Le PPA affecte également la façon dont l'entreprise apparaît aux futurs acheteurs à la sortie. Un fonds PE qui a acquis l'entreprise montrera des charges d'amortissement plus élevées dans le compte de résultat, déprimant l'EBITDA déclaré — qui est ensuite 'réajouté' comme élément d'ajustement dans l'EBITDA normalisé présenté aux acheteurs de sortie. Les cédants acquis dans des plateformes PE doivent comprendre que leur rentabilité déclarée post-acquisition montrera d'importantes charges d'amortissement qui ne reflètent pas l'économie de trésorerie.
Impact de l'amortissement PPA
Acquisition : 15 M€. Actifs nets identifiables : 3 M€. Goodwill : 12 M€. Incorporels PPA identifiés : relations clients 4 M€ (durée 10 ans = 400 k€/an d'amortissement), technologie 2 M€ (durée 5 ans = 400 k€/an).
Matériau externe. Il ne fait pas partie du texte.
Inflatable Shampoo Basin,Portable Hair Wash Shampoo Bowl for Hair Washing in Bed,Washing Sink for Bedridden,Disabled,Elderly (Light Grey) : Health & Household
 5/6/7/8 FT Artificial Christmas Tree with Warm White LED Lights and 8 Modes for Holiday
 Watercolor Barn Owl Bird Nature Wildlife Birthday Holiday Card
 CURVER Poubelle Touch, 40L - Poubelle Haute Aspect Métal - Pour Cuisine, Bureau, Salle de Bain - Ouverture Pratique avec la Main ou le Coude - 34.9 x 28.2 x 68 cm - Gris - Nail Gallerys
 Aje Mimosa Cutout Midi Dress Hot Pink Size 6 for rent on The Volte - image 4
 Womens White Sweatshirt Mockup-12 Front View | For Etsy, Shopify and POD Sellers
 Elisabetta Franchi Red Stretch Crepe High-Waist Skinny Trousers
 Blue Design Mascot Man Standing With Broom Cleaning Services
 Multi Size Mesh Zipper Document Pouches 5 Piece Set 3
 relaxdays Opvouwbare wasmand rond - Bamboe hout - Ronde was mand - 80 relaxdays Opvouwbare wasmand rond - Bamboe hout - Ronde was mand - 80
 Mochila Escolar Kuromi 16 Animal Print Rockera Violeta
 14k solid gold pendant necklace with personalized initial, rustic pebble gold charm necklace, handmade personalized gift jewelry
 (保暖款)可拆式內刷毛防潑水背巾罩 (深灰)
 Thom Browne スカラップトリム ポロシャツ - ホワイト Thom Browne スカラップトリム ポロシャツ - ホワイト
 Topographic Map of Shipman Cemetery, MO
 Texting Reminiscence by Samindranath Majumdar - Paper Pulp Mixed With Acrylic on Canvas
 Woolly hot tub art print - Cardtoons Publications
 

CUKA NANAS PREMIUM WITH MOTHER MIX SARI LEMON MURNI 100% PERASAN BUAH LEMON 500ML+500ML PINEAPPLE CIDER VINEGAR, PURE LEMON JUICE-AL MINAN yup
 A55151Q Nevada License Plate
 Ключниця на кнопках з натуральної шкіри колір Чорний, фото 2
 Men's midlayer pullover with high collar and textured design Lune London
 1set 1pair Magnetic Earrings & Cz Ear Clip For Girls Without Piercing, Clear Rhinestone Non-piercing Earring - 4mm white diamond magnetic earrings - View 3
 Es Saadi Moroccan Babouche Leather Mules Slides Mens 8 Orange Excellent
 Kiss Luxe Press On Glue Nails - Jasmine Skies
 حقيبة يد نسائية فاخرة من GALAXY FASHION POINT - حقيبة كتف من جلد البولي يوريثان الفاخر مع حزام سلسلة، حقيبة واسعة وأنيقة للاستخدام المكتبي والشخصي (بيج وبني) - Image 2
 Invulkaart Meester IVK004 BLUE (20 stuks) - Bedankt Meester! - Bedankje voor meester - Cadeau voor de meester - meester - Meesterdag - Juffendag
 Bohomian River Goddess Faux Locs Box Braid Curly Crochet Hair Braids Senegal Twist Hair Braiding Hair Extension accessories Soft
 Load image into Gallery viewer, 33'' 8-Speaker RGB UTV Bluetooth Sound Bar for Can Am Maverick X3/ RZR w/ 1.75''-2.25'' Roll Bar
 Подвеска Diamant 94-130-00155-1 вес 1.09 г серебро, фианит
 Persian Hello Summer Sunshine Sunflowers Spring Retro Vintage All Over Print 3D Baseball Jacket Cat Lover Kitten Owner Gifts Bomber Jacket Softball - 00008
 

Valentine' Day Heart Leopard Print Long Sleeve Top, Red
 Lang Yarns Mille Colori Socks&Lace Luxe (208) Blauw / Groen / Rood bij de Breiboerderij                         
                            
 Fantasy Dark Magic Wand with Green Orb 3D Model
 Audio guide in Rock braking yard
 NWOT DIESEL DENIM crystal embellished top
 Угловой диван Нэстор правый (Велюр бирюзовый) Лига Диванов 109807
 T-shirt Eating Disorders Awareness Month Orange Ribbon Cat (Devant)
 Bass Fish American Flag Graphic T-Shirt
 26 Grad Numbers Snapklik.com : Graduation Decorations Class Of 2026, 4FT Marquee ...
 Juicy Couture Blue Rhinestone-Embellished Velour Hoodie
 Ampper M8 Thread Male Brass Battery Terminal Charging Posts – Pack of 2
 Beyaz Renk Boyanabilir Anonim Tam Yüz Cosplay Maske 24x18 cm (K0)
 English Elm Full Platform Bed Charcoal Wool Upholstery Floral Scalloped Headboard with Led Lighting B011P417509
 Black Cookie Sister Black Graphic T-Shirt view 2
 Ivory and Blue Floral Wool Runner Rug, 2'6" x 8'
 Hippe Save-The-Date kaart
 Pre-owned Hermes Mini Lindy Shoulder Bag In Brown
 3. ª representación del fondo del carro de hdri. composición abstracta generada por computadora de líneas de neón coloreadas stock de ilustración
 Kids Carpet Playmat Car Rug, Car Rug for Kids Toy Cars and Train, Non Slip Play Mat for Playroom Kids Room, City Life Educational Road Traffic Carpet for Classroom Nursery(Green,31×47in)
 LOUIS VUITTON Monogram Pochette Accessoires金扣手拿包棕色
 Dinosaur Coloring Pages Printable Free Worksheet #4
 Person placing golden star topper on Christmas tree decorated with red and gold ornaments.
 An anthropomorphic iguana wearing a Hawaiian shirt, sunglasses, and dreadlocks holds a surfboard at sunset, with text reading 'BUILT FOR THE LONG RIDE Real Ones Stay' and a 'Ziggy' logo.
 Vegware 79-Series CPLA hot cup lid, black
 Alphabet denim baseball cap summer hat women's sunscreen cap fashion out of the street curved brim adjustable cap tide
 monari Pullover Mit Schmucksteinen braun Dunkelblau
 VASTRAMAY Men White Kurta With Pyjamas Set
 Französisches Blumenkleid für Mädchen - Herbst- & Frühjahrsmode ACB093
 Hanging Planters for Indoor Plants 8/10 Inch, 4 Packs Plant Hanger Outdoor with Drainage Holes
Amortissement PPA annuel total : 800 k€. Effet sur l'EBITDA : si la métrique de complément est l'EBITDA post-PPA, il est inférieur de 800 k€ à l'EBITDA pré-PPA. À 9× de multiple implicite, cela représente 7,2 M€ de différence dans la base de valeur du complément.
Questions fréquentes
Le goodwill est-il amorti sous IFRS ?
Non — sous IFRS, le goodwill n'est pas amorti mais testé annuellement pour dépréciation (IAS 36). Sous le PCG français, le goodwill est amorti sur 10 ans maximum (ou plus dans des cas justifiés). Cela crée une différence dans les bénéfices déclarés entre les acquéreurs en IFRS et en PCG français, ce qui peut être significatif dans les calculs de complément de prix.
Comment les cédants peuvent-ils se protéger du PPA affectant les calculs de complément ?
La protection la plus fiable est de définir la métrique de complément comme un EBITDA pré-PPA, pré-amortissement-des-incorporels-d'acquisition — excluant explicitement toute charge d'amortissement résultant de la comptabilité d'acquisition. Cela nécessite une rédaction précise dans l'acte de cession et doit être examiné par le comptable et le conseil juridique du cédant. Alternativement, utiliser une métrique EBITDA + D&A (EBITDA avant dépréciation et amortissement) qui est naturellement insensible au PPA.
Le PPA affecte-t-il la base fiscale des actifs acquis ?
Dans une cession de titres, le PPA est uniquement une allocation comptable — il ne crée pas une nouvelle base fiscale pour les actifs acquis. La société acquise continue d'utiliser sa base fiscale d'actifs pré-acquisition. Dans une cession de fonds de commerce, l'acheteur acquiert les actifs à leur prix d'acquisition, créant une nouvelle base fiscale et permettant des déductions d'amortissement plus élevées — c'est l'un des avantages fiscaux côté acheteur des cessions d'actifs.